→ Task to carry out
Exactly as they appear below, repeat the lines from the one with "צ'אט XXX בשידור חי של GirthGoddessCoco" through the one with "Готель Kostadinovi Family House 1*". Drop every picture.

→ Information
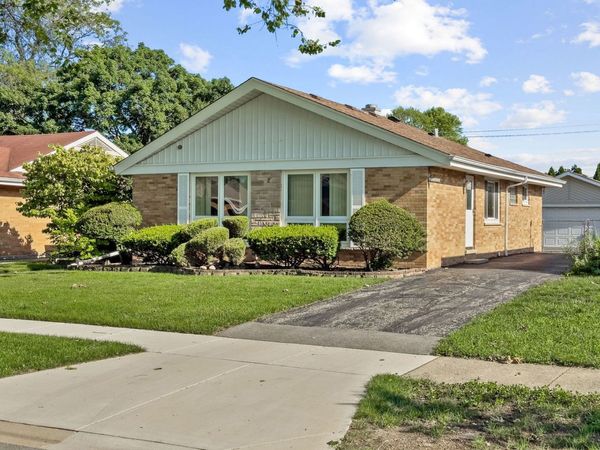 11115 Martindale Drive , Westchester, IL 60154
---
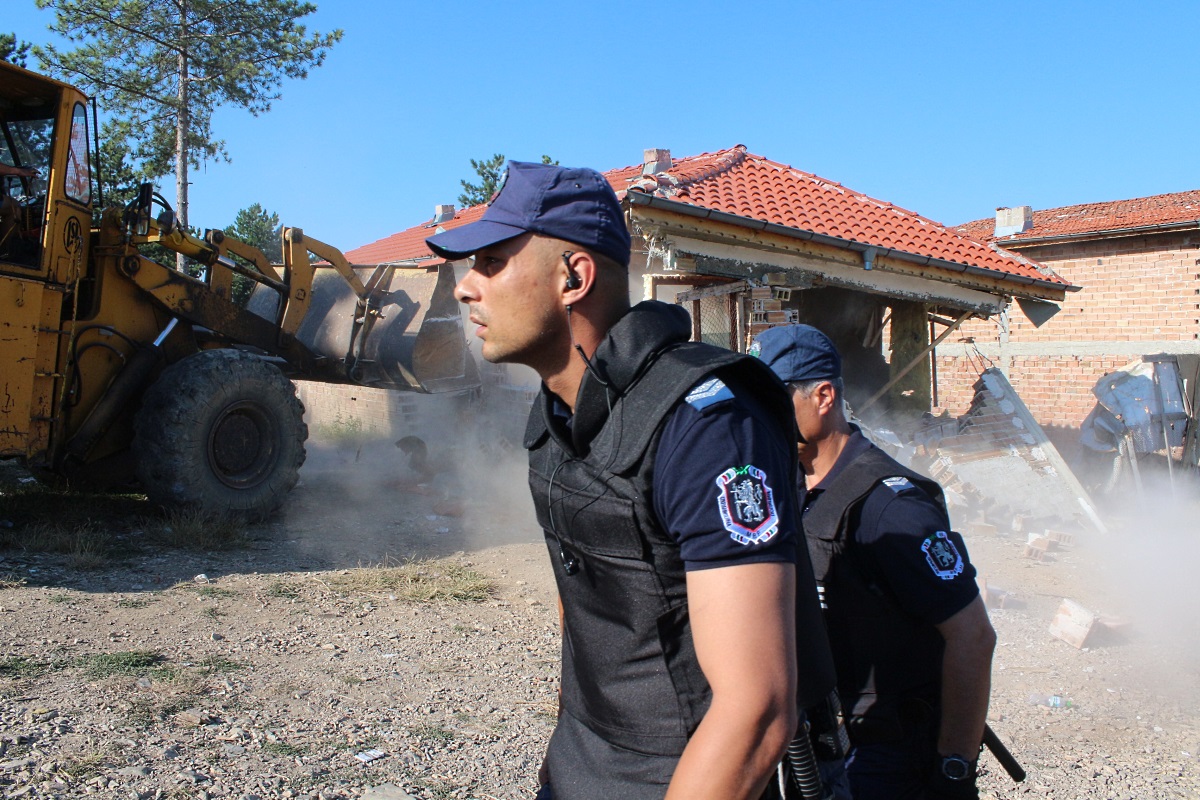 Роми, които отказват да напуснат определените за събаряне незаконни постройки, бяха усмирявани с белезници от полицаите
---
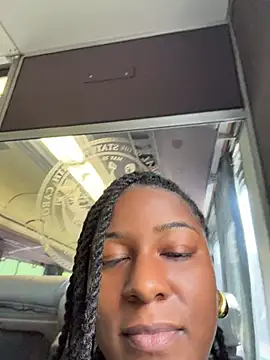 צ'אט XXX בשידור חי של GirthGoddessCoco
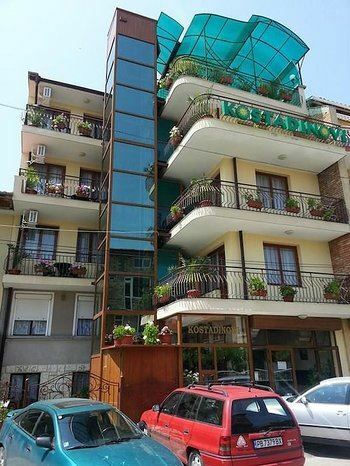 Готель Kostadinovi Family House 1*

→ Exercise result
 צ'אט XXX בשידור חי של GirthGoddessCoco
 Готель Kostadinovi Family House 1*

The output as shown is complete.